The installer put insulation at the top of the chimney (I did not inspect that, but believe that is what he did) He also put a layer of insulation where the damper would be above the stove, probably about 8" thick? He also put a piece of insulation between the unit and the blower cord. I doubt that was necessary, but I am sure it doesn't hurt.


----------



## raybonz (Oct 18, 2012)

Sounds like a quality install Freddy!

Ray


----------



## wacnstac (Oct 18, 2012)

Start saving your money for new catalysts, you'll need it.   I've cracked several and no it wasn't from over firing.   Would love to find a steel one as opposed to ceramic.


----------



## maverick06 (Oct 19, 2012)

Mine would take well over an hour to turn on, hour and half to 2 hours. I think something was wrong with it. now I just watch the temps and turn the blower on when its ready. Search for iit, there are lots of threads about it, i am vocal. if you arent an idiot and it annoys you, bypass it. Hopefully they have made it better in the past few years since i bought mine.

The stove burns a lot better with about an inch of ash on the bottom, you can make a little channel in the center to get air everywhere. You will like the stove. 

no comment on the cat (mine isnt one), didnt even know they made a cat version of it.


----------



## freddypd (Oct 20, 2012)

Do any of you guys with the xtrordinair's use thermometers? If so what did you buy and where did you put them?


----------



## rideau (Oct 20, 2012)

wacnstac said:


> Start saving your money for new catalysts, you'll need it. I've cracked several and no it wasn't from over firing. Would love to find a steel one as opposed to ceramic.


 
Condar has steel replacement cats for almost everything...


----------



## raybonz (Oct 20, 2012)

wacnstac said:


> Start saving your money for new catalysts, you'll need it. I've cracked several and no it wasn't from over firing. Would love to find a steel one as opposed to ceramic.


Cats shouldn't failing that way.. Adding wet wood to a hot stove can crack a cat as will flame impingement. I burned a cat stove for 20 yrs. and never shattered a cat but did a little cracking on a few but it didn't affect the cat operation..Generally I got 6+ years from my cats..

Ray


----------



## freddypd (Oct 24, 2012)

I had my first overnight burn! The weather was pretty mild last night but we decided to have a fire anyway. I loaded the box up about 3/4, got it good and going and put the air down all the way at about 10 PM. I shut the blower off because it was so mild. Woke up at 6 AM and had some coals. I raked them forward. (not sure why, I think I read it here though) I turned on the blower to check and found the box was still hot enough to run the blower.
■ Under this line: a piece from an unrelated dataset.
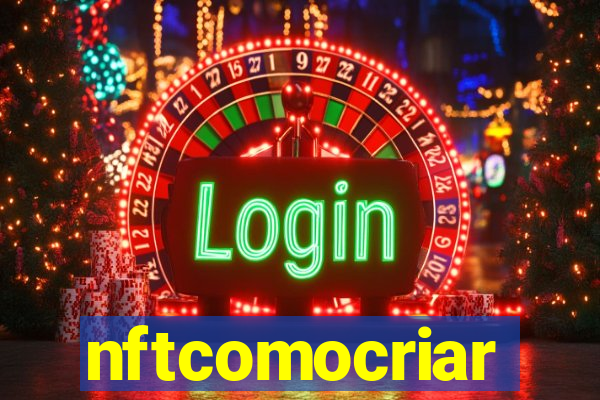 nftcomocriar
The room was also really warm even with the blower off all night which surprises me. I didn't think inserts gave off that much heat with the blower off. I put 1 very seasoned piece of wood in with some dried twigs and cracked the door open for a few minutes. It started again with not much effort! It is really mild here now so I will let this fire burn itself out.
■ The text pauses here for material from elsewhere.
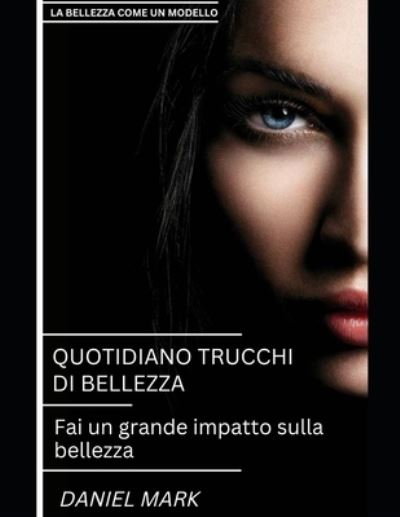 Cover for Daniel Mark · Trucchi Di Bellezza Quotidiani: Fai un grande impatto sulla bellezza (Paperback Book) (2022)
The only problem was, when I woke up the glass was almost completely black. I guess the "seasoned" wood I had delivered was not so seasoned. Hopefully I am not loading the chimney liner with creosote.


----------



## James02 (Oct 24, 2012)

The only problem was, when I woke up the glass was almost completely black. I guess the "seasoned" wood I had delivered was not so seasoned. Hopefully I am not loading the chimney liner with creosote.[/quote]

You'll get that this time of year with the mild weather....


----------



## maverick06 (Oct 24, 2012)

From my expirance and reading, the xtrordinair easily gets its glass blackened. i dont bother cleaning mine anymore, it just gets covered too fast. I dont burn slowly, wood is all over a year C/S/S, gaskets have been from new to used to new again. Just the way the stove is, dont worry about it.
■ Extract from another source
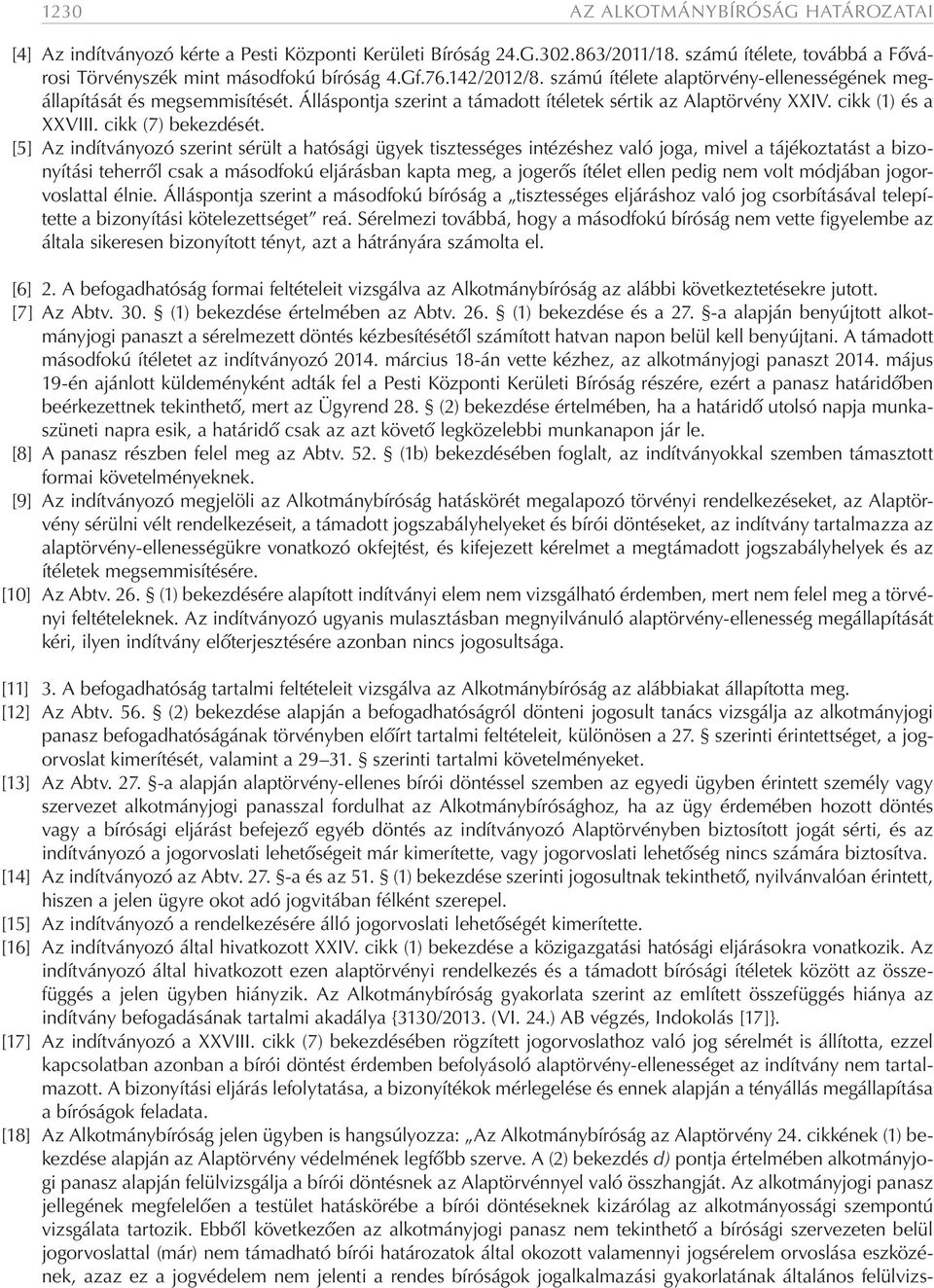 [5] Az indítványozó szerint sérült a hatósági ügyek tisztességes intézéshez való joga, mivel a tájékoztatást a bizonyítási teherről csak a másodfokú eljárásban kapta meg, a jogerős ítélet ellen pedig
Also, from my expirance, you get almost no real heat out of it without the blower on. Maybe enough for this mild weather, but not enough for anything meaningful. Go through a 24 hour power outage in january and you will learn that it doesnt put out any meaningful heat, inverters and car batteries arent enough for anything more than an hour or so, and you will go buy a generator.

Feel free to ignore my expirance, doesnt effect me, but you will just learn the hard way.


----------



## raybonz (Oct 24, 2012)

Appears these are catalytic inserts and yes the windows tend to blacken on a long slow burn. If you burn at a medium to high level I would think the airwash system should keep the glass clearer. At least it does on 99% of other modern EPA wood burners.

Ray


----------



## wacnstac (Oct 24, 2012)

maverick06 said:


> From my expirance and reading, the xtrordinair easily gets its glass blackened. i dont bother cleaning mine anymore, it just gets covered too fast. I dont burn slowly, wood is all over a year C/S/S, gaskets have been from new to used to new again. Just the way the stove is, dont worry about it.
> 
> Also, from my expirance, you get almost no real heat out of it without the blower on. Maybe enough for this mild weather, but not enough for anything meaningful. Go through a 24 hour power outage in january and you will learn that it doesnt put out any meaningful heat, inverters and car batteries arent enough for anything more than an hour or so, and you will go buy a generator.
> 
> Feel free to ignore my expirance, doesnt effect me, but you will just learn the hard way.


 
Yeppers.


----------



## Machria (Nov 7, 2012)

Fred,
What installer did you use, and where did you buy your unit? I am about to pul the trigger on a freestanding unit by Enerzone from a place in Bohemia, on Vetts hwy, also on LI. I'm out in Brookhaven Hamlet.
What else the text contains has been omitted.